▶ [INPUT DATA]
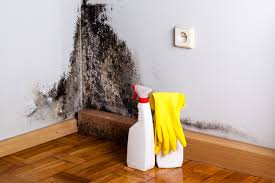 Trusted Pompano Beach, FL Mold Removal & Remediation Experts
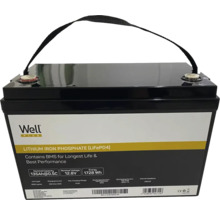 Baterie litiu fosfat de fier Well Plus cu mâner de transport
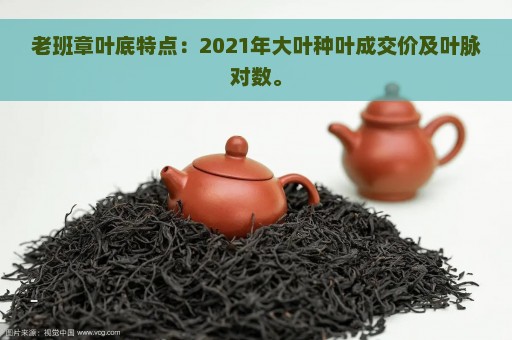 老班章叶底特点：2021年大叶种叶成交价及叶脉对数。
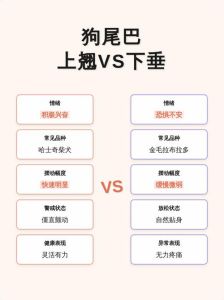 狗尾巴突然下垂好几天，狗狗尾巴不翘要当心，快带去看兽医！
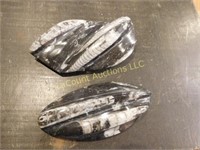 pr polished fossil orthoceras, (2)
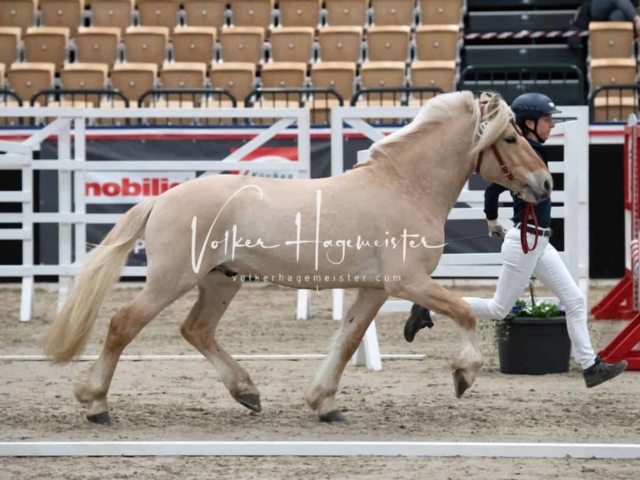 PSB Körung unsortiert 3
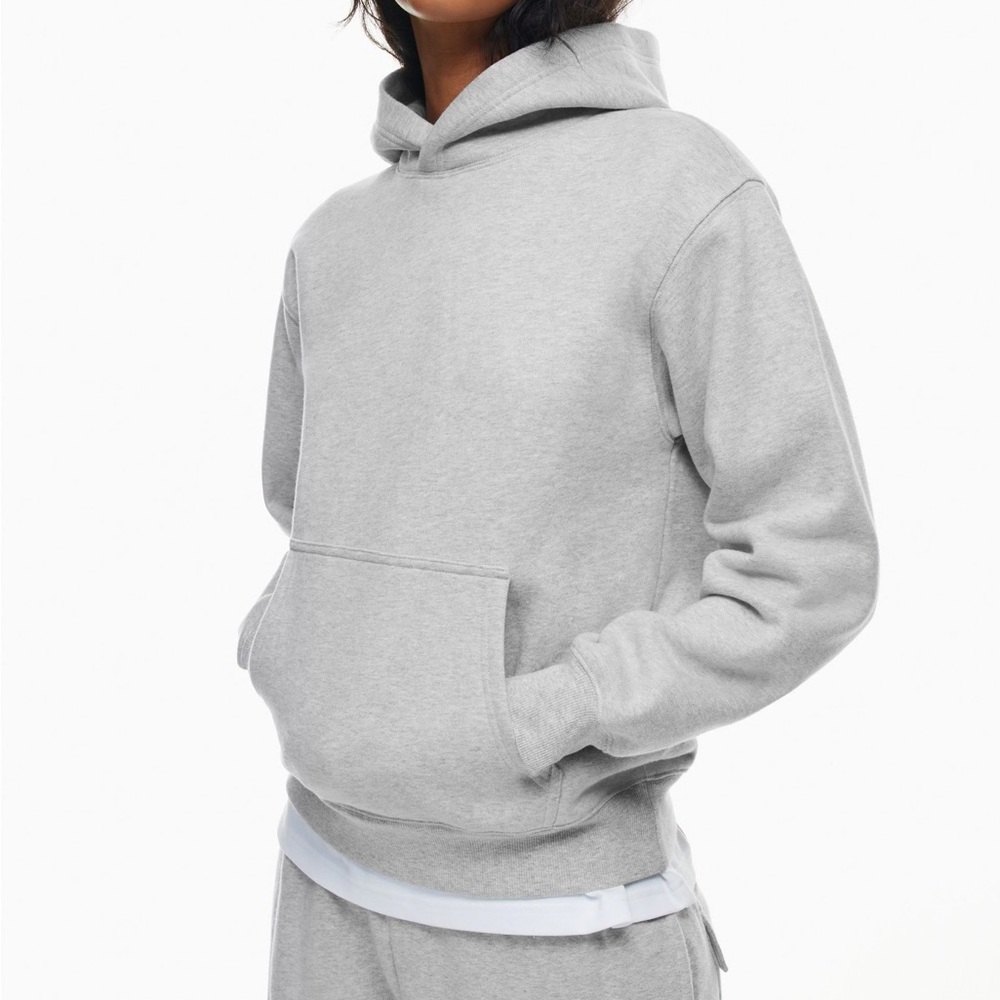 Aritzia Cozy Fleece Perfect Hoodie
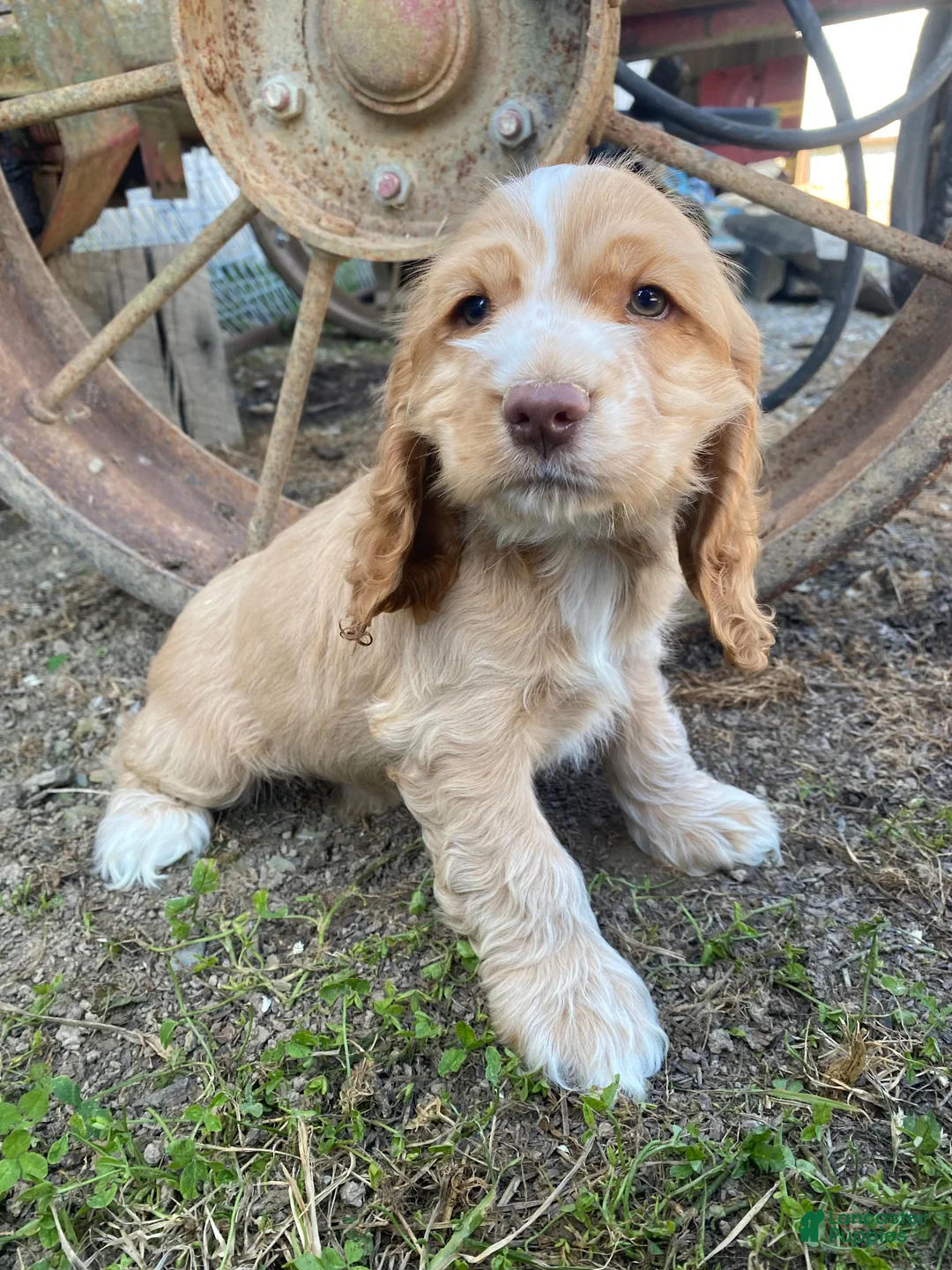Cocker Spaniel dogs for sale: Joe - Ad 1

▶ [ABOUT THIS EXERCISE] With the images removed, write out all of the material above exactly.

▶ [RESULT OF THE TASK]
 Trusted Pompano Beach, FL Mold Removal & Remediation Experts
 Baterie litiu fosfat de fier Well Plus cu mâner de transport
 老班章叶底特点：2021年大叶种叶成交价及叶脉对数。
 狗尾巴突然下垂好几天，狗狗尾巴不翘要当心，快带去看兽医！
 pr polished fossil orthoceras, (2)
 PSB Körung unsortiert 3
 Aritzia Cozy Fleece Perfect Hoodie
Cocker Spaniel dogs for sale: Joe - Ad 1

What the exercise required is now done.